# TASK BRIEF
The required output is an exact restatement of the lines, starting with the one that contains "The extent to" and finishing with the last line of the listing. It contains no pictures.

# INFORMATION SHOWN
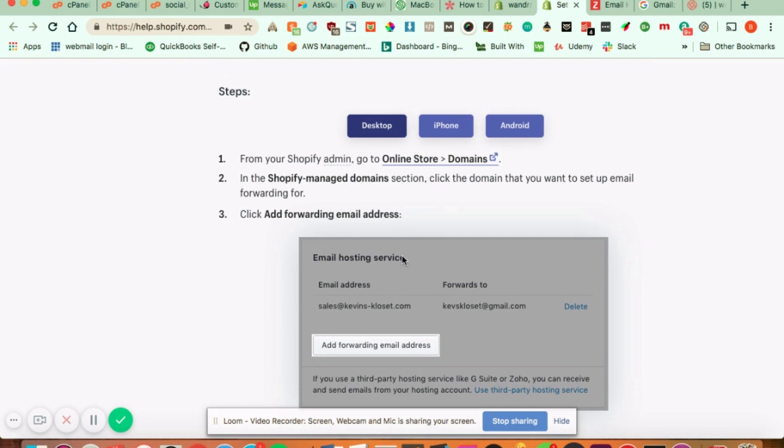And so you can ask your email host how you do this. They'll be glad to help you with this and getting your email to be forwarded to your current email. But pretty much what it does, if it takes an MX record, you add that to your Shopify, and that email will be forwarded to your account.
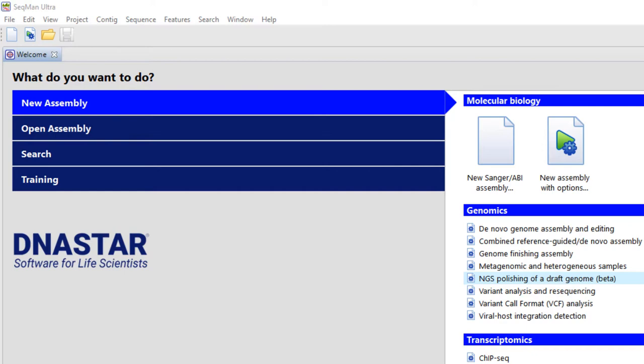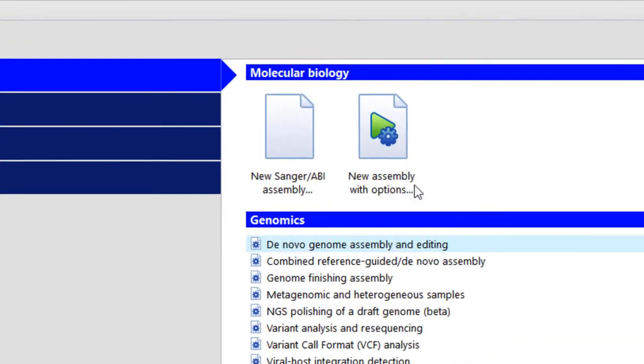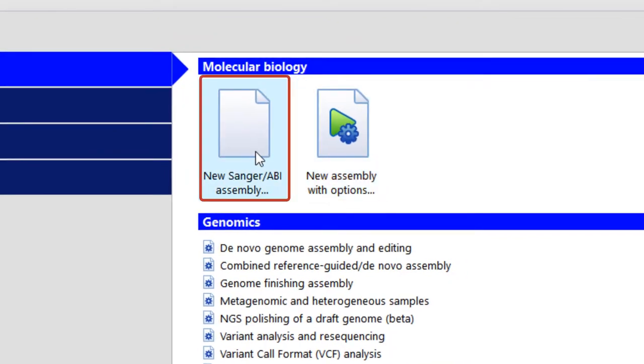To get started, launch SeqMan Ultra. In the New Assembly area, click New Sanger AVI Assembly.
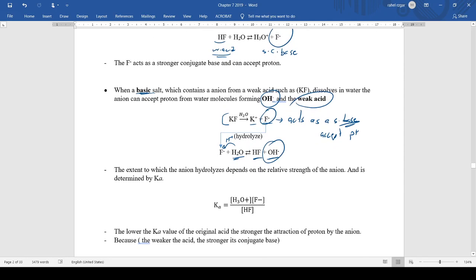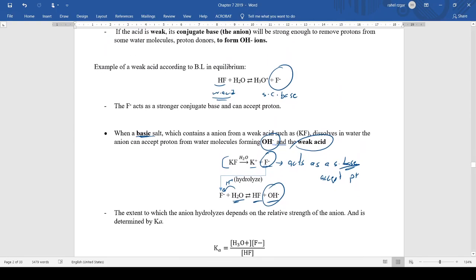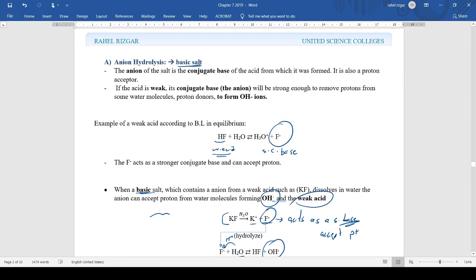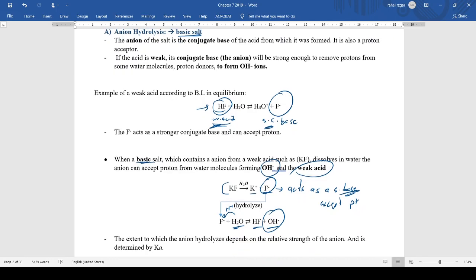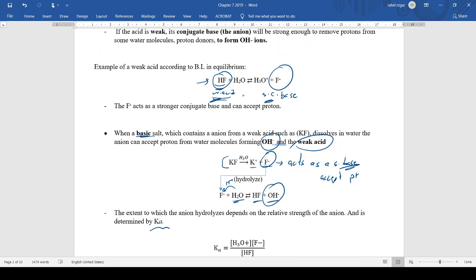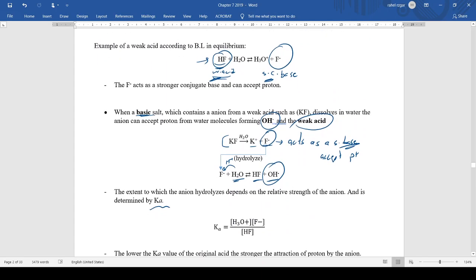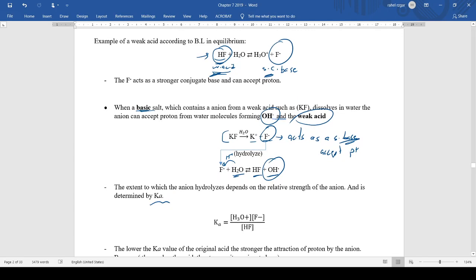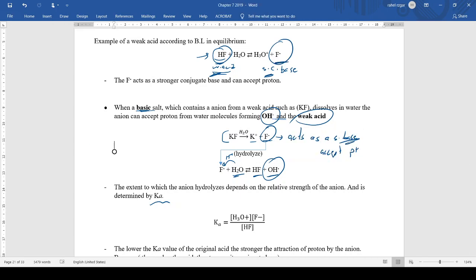The extent to which the anion hydrolyzes depends on the relative strength of the anion, which is determined by Ka. For example, with HF: the weaker the acid, the stronger the conjugate base. The stronger the conjugate base, the better the anion will take a hydrogen from H₂O, meaning it will undergo better hydrolysis with water.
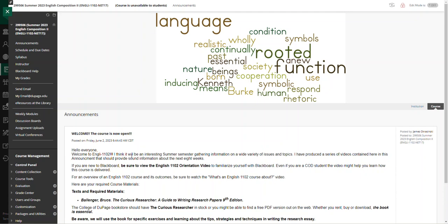Hello everyone, this is Jim Okrasinski, your instructor for this summer session of English 1102. What I'd like to do right now is provide you a brief orientation video about how this course is organized in Blackboard.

# RESULT OF THE EXERCISE
The extent to which the anion hydrolyzes depends on the relative strength of the anion, which is determined by Ka. For example, with HF: the weaker the acid, the stronger the conjugate base. The stronger the conjugate base, the better the anion will take a hydrogen from H₂O, meaning it will undergo better hydrolysis with water.
Hello everyone, this is Jim Okrasinski, your instructor for this summer session of English 1102. What I'd like to do right now is provide you a brief orientation video about how this course is organized in Blackboard.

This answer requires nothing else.